After Darkness at High Noon, he subsequently received an Emmy nomination for writing and producing Ike: Countdown to D-Day starring Tom Selleck, and wrote and produced the political documentary Celsius 41.11 and the historical film We Fight To Be Free.

===2010s===
Chetwynd continued his work in documentaries, notably producing and directing An Improbable Dream (2016) which traced the lives of students of Canada's National Ballet School from their 10th and 11th birthdays into their early 50s. It met with great success, receiving New York Festival Gold Medals for both directing and also producing, as well as a People's Telly Award. During this time he has worked on several other projects including a series for FX and a mini-series dealing with the end of the Cold War and the Armenian genocide.

Chetwynd has more than 60 longform and feature credits and over two dozen documentary credits, which have received numerous citations including six Writers Guild of America nominations (including an award), New York Film festival gold medal, two Christophers, six Tellys, two Genie nominations and two George Washington medals from the Freedom Foundation at Valley Forge.

In 2003, Chetwynd received the Caucus of Writers, Producers and Directors Lifetime Achievement Award, and in 2011 he received their Writer of the Year award. In 2003 he was also conferred an honorary doctorate by Columbia College-Hollywood.

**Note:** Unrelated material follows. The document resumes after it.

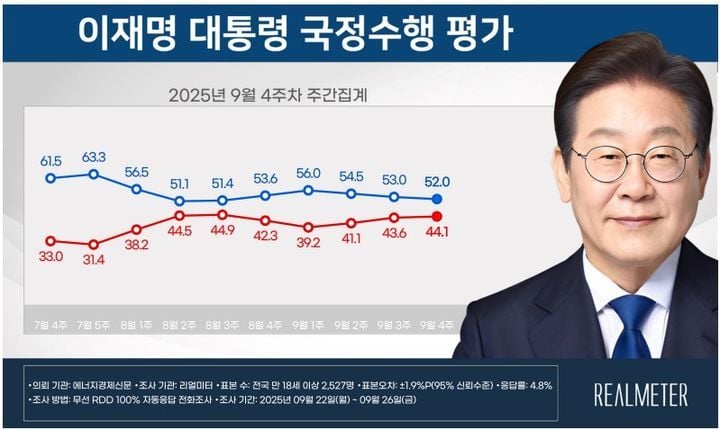 리얼미터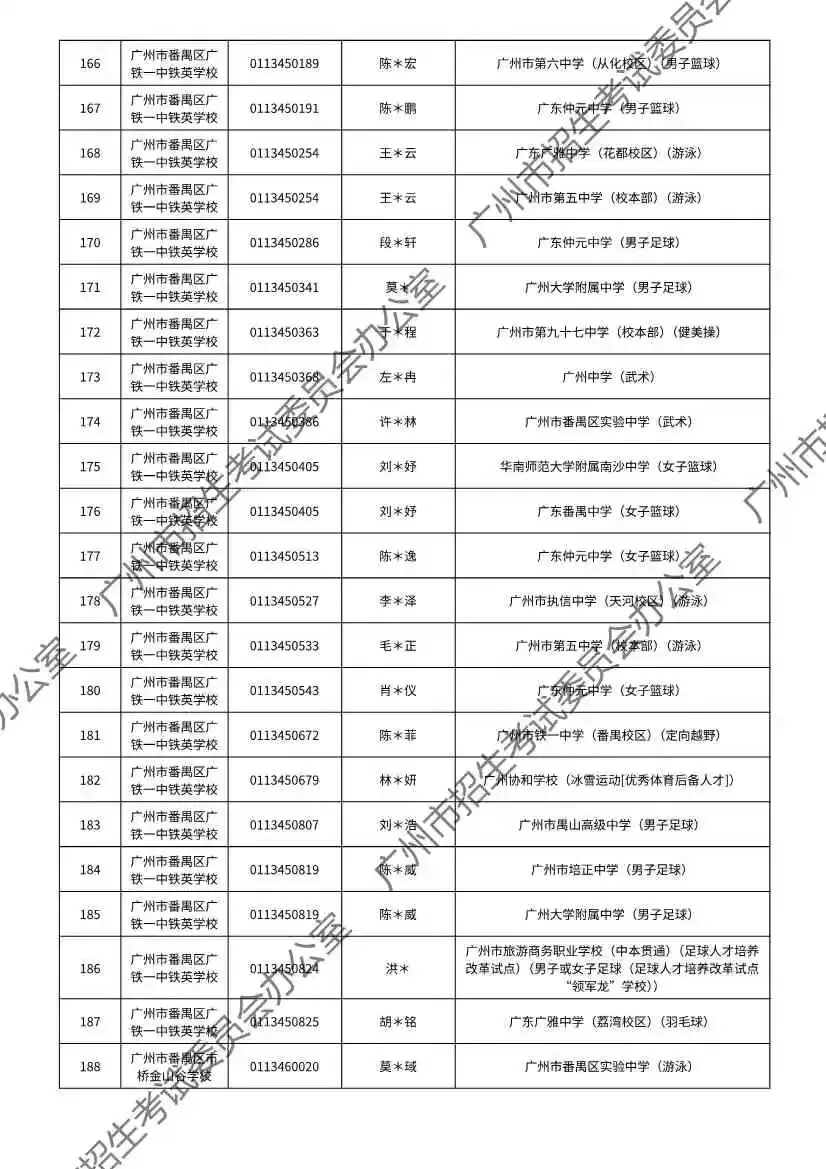 重磅!2026年广州中考特长生通过专业测试名单出炉!有你的名字吗? 第68张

In 2008, he received the John Singleton Copley Medal from the National Portrait Gallery/Smithsonian.

In 2004, Chetwynd became a founding member of Friends of Abe, an organization of Hollywood conservatives.

Chetwynd appeared with Roger L. Simon, founder of Pajamas Media, in the PJTV show Poliwood, discussing topics that cover the intersection of politics and Hollywood.

==Personal life==
Chetwynd was married to actress Gloria Carlin, who appeared in several of his films. They had two sons and resided in Beverly Hills, California until her death in 2026.

He holds British, Canadian and American citizenship.